Barack Obama has been endorsed by The Nation magazine and MoveOn.org, and his most celebrated California voter is Markos Moulitsas, the purveyor of the hard-left Daily Kos blog. He’s promising to meet with dictators (Cuban, Iranian, North Korean) without preconditions. He’s taken a dramatic step to the hard left. But in his appearance on CNN’s Larry King Live on Wednesday night, comedian Jon Stewart tried to push the strange idea that Obama was a base-spurning maverick like John McCain, that they’re running "outside of traditional dogma." He was mocking how conservatives dislike McCain because they want rigid obedience to their party line:
STEWART: Who do they trust? Again, it's the old idea of you have to be lock step. We have to know that you'll do exactly what we say. And I think that -- and I'm sure the left has that same sort of dogma. These are candidates -- I think Obama and McCain mostly -- that are running outside of traditional dogma. And if you're a person that -- you know, the Republicans apparently hate governmental power, except when they're in charge of the government, and then it's like you know what would be great? The unitary executive. Don't you think that would be great? (Laughter) You know what would be great? I'm just throwing this out there. A monarchy. Am I right? So you have two guys that -- they're just not quite sure if they're going to go party line. I think that's exciting.
Stewart began by praising both men and mocking the Republicans for pressing Brian McNamee, the friend of Yankees pitcher Roger Clemens, over his charge Clemens took human growth hormone in hearings on Capitol Hill:
STEWART: Well, he's clearly -- it's -- I think so much of what it is, is a moment in time. You can see -- I do think that the country -- a part of the country at least -- has felt, as though they were not heard. And I think the administration readily admits it. You know, you get Cheney on the show sometimes, or Bush, and they'll say like, you know, it's a 51 percent country. That's all you had to do. The strategy has been to basically govern for only your constituency -- just to get things done. And this is a guy coming on and saying hey...And I actually think McCain is not a guy who -- I think, the biggest difference with these two guys, and Hillary to a lesser extent, I think, is that they are not partisan animals. They almost seem to have a disdain for that purely partisan mentality. And I think that's wonderful. I -- do you remember, in the -- how did they turn the steroid hearings into a partisan affair?
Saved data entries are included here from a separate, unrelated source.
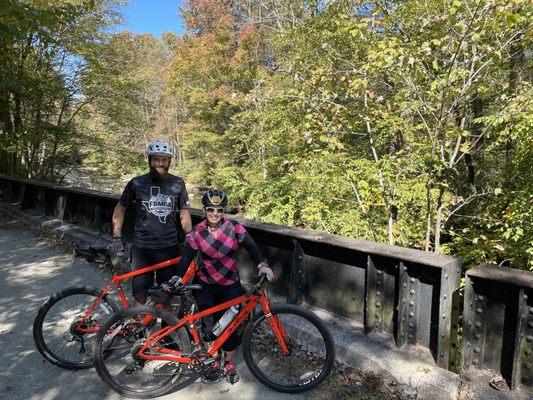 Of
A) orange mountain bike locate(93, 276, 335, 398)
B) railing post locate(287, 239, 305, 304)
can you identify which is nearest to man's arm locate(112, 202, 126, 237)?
orange mountain bike locate(93, 276, 335, 398)

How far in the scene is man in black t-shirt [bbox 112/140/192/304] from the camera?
12.5 feet

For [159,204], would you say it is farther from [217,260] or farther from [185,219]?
[217,260]

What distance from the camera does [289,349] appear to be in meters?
3.38

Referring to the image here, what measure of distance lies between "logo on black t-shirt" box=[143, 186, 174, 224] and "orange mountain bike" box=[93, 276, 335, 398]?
888mm

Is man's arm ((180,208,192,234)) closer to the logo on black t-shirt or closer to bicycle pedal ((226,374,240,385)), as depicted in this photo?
the logo on black t-shirt

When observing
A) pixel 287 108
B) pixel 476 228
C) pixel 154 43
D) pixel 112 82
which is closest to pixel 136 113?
pixel 112 82

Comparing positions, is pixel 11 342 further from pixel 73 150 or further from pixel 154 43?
pixel 154 43

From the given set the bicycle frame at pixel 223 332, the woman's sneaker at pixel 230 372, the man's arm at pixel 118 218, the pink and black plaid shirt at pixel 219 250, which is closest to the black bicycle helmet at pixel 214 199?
the pink and black plaid shirt at pixel 219 250

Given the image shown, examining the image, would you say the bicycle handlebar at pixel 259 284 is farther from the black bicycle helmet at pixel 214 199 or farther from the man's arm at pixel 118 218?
the man's arm at pixel 118 218

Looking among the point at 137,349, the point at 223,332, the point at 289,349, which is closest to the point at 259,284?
the point at 223,332

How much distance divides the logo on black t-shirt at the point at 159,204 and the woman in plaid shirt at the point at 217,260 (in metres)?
0.66

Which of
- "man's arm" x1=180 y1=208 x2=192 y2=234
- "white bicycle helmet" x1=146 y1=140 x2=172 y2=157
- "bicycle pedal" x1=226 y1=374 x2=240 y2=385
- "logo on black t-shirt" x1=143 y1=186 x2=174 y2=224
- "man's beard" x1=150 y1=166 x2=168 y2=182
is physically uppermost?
"white bicycle helmet" x1=146 y1=140 x2=172 y2=157

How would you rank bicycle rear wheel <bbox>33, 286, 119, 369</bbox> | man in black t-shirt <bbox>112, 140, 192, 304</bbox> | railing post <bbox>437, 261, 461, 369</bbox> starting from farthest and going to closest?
man in black t-shirt <bbox>112, 140, 192, 304</bbox> → bicycle rear wheel <bbox>33, 286, 119, 369</bbox> → railing post <bbox>437, 261, 461, 369</bbox>

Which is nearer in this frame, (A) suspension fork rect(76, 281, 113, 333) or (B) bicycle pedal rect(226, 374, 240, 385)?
(B) bicycle pedal rect(226, 374, 240, 385) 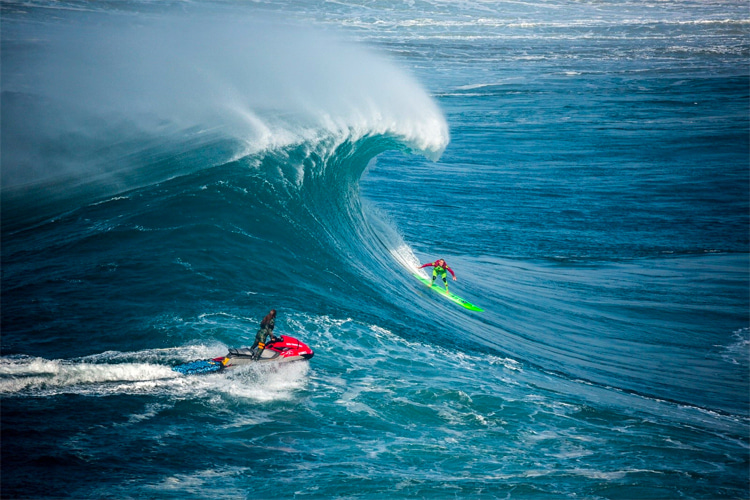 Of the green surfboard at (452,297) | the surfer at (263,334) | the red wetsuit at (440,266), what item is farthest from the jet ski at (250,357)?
the green surfboard at (452,297)

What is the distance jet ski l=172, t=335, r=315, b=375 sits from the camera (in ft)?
37.8

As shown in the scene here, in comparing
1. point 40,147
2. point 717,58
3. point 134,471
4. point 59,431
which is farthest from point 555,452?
point 717,58

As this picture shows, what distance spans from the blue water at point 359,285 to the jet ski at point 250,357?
213mm

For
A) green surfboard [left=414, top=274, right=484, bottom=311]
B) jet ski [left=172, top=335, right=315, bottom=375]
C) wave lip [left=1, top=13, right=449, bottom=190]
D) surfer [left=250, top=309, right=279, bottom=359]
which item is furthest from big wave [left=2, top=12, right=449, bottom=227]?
surfer [left=250, top=309, right=279, bottom=359]

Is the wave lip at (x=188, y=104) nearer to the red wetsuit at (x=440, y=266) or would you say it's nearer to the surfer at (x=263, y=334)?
the red wetsuit at (x=440, y=266)

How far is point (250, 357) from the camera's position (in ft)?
38.1

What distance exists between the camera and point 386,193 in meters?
27.4

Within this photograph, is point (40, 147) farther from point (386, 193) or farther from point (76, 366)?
point (76, 366)

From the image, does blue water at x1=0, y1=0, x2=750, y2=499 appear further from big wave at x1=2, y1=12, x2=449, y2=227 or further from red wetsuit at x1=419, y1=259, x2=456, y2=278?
red wetsuit at x1=419, y1=259, x2=456, y2=278

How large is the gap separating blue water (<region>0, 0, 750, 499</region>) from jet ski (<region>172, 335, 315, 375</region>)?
213mm

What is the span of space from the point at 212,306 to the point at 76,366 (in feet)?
10.6

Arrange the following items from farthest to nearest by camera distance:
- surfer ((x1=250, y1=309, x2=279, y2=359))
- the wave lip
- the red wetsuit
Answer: the wave lip, the red wetsuit, surfer ((x1=250, y1=309, x2=279, y2=359))

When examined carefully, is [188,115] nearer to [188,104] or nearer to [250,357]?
[188,104]

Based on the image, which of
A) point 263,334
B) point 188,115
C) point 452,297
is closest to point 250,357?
point 263,334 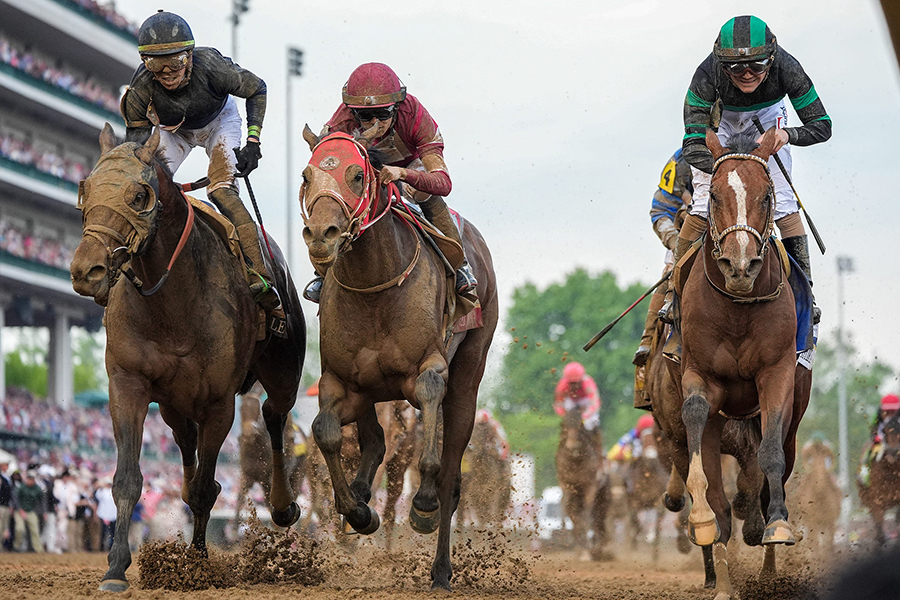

Did you watch it?
KING: Yeah, how did that happen? Republicans were for -- for Roger.
STEWART: Right.
KING: And the Democrats were for
STEWART: You had Dan Burton waving his thing.
KING: He went nuts.
STEWART: Lies. Lies. They're all lies, sir. You know, and he's treating it like it's, you know, he's Scarlett O'Hara and McNamee, you know, they're lies! I don't like this spectacle. He's the guy who used a shotgun on a watermelon to prove that Vince Foster couldn't have killed himself, but he doesn't like spectacle. (Laughter) He's a guy who literally would hold up, you know, Clinton's underpants in impeachment hearings, but he chooses to make a stand at the Clemens hearing.
This is typical liberal snark. It is true that Burton shot a pumpkin to test whether a gunshot would be heard from Fort Marcy Park at a nearby Saudi government compound. But it is not true Burton held up a pair of underpants at an impeachment hearing – as if it was Molly Ringwald’s underwear in "Sixteen Candles." With comedians exaggerating, the audience at home might take some of the mockery as factual rather than satirical. Stewart did not recall for CNN viewers what the liberals did their own underwear act on Burton at that time. Salon.com and other outlets dragged out Burton’s adultery.
Stewart didn’t mock liberal Connecticut Republican Christopher Shays, who also pressed McNamee in that hearing. (Perhaps Shays was intense because he’s a Yankees fan?) But it demonstrates Stewart’s consistent bashing of conservatives.